La difesa sostiene che non esistano prove sufficienti per condannare Davis. L’avvocato di Davis, Michael Sanft, ha sottolineato che le dichiarazioni di Davis potrebbero non essere attendibili, soprattutto dopo tanto tempo. Inoltre, non è chiaro se le parti del libro *Compton Street Legend* siano state scritte direttamente da Davis o dal coautore Yusuf Jah. La difesa ha anche sottolineato che Davis non è stato incriminato per molti anni, e che le sue posizioni sono cambiate nel tempo.

Le dichiarazioni di Davis e il loro impatto

Nel libro *Compton Street Legend* e in diverse interviste, Davis ha raccontato il proprio ruolo negli eventi della notte dell’agguato. Secondo i procuratori, proprio queste dichiarazioni hanno contribuito a riaccendere l’indagine e sono oggi elementi chiave del caso. Tuttavia, la difesa mette in discussione l’attendibilità di quanto raccontato da Davis, sottolineando che le sue parole potrebbero non essere attendibili dopo quasi trent’anni. L’avvocato di Davis, Michael Sanft, ha sottolineato che il libro potrebbe essere stato scritto per guadagnare denaro e potrebbe contenere elementi romanzati. Inoltre, non è chiaro se le parti del libro siano state scritte direttamente da Davis o dal coautore Yusuf Jah.

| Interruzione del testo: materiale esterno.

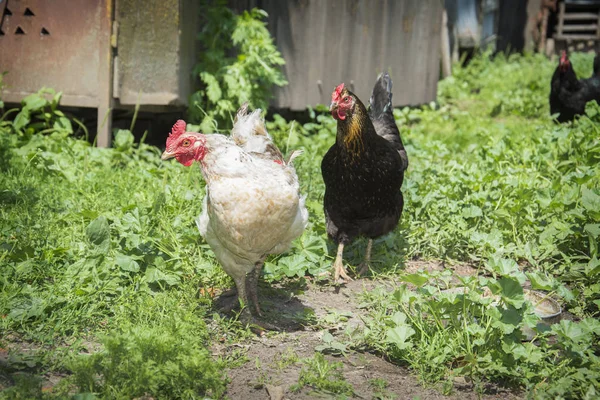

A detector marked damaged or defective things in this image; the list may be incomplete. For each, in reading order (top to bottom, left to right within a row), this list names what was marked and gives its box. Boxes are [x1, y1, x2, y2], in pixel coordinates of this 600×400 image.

rusty metal panel [0, 0, 111, 108]
rusty metal panel [115, 0, 202, 106]
rusty metal panel [256, 0, 440, 109]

Le dichiarazioni di Davis sono diventate una prova cruciale per l’accusa. Secondo i procuratori, proprio il libro e quelle dichiarazioni contribuirono a riaccendere l’indagine e sono oggi elementi importanti del caso contro di lui. Davis fu incriminato nel 2023, diventando la prima persona formalmente accusata per l’omicidio di Tupac. L’accusa ha anche sottolineato che l’agguato fu una vendetta per l’aggressione subita da Orlando Anderson poco prima.

L’omicidio del rapper, morto a 25 anni, è rimasto senza alcuna incriminazione fino al 2023 e continua a essere uno dei casi più celebri e discussi nella storia dell’hip hop. La famiglia di Tupac, tra cui il fratellastro Maurice “Mopreme” Shakur, ha partecipato al processo, che dovrebbe durare diverse settimane. L’accusa prevede di chiamare tra 35 e 45 testimoni, mentre la difesa ne presenterà solo alcuni. Il processo rappresenta un momento cruciale per il caso, che ha segnato la vita e la carriera di uno dei più grandi artisti del genere.